Bayes-Dependent Universal Rates

Updated 30 June 2025

Bayes-dependent universal rates are distribution-adaptive learning rates that define the fastest excess risk decay achievable by ERM in agnostic binary classification.
They are characterized by a trichotomy—exponential, super-root, and arbitrarily slow rates—based on the presence of centered eluder and VC-eluder sequences near the Bayes-optimal classifier.
This framework highlights that local combinatorial complexity, rather than global VC-dimension, determines practical learning curves, informing better model selection and regularization strategies.
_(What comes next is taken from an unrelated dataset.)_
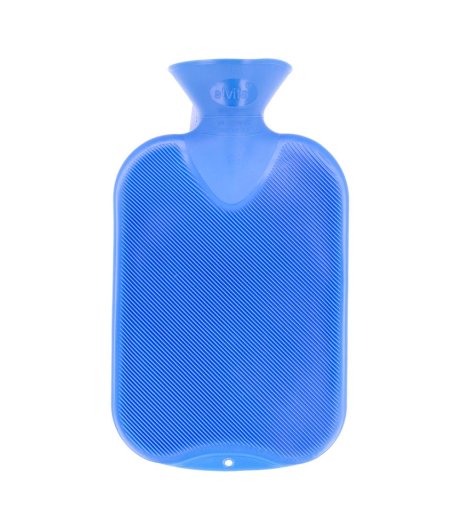 ALVITA BORSA ACQ CALDA PVC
Bayes-dependent universal rates are precise, distribution-adaptive learning rates that describe the fastest possible decay of excess error achieved by empirical risk minimization (ERM) in the agnostic binary classification setting, contingent on the combinatorial structure of the hypothesis class relative to a given Bayes-optimal classifier. These rates sharpen the conventional uniform (worst-case) rates by linking attainable sample complexity to the local complexity of the class at the Bayes rule, offering a fine-grained, instance-specific description of learning curves beyond classical PAC learning.

1. Trichotomy of Agnostic Universal Rates

In the agnostic setting, where the labeling function may not belong to the class and the Bayes-optimal classifier minimizes risk under the arbitrary true distribution, the paper establishes that the universal learning curve of ERM—measured as excess risk—must take one of only three possible forms for any fixed distribution and target (Bayes-optimal) classifier ([Theorem 3]):

Exponential rate $e^{-n}$ : Rapid, parametric convergence.
Super-root rate $o(n^{-1/2})$ : Any rate strictly faster than $1/\sqrt{n}$ , but not necessarily $1/n$.
Arbitrarily slow rates: The excess risk can decay more slowly than any prescribed function tending to zero.

This trichotomy is both necessary and sufficient: for every concept class, and for every Bayes-optimal classifier $h$ , there is a uniquely determined rate from this list that characterizes the fastest possible decay of ERM’s excess risk under any distribution for which $h$ is Bayes-optimal.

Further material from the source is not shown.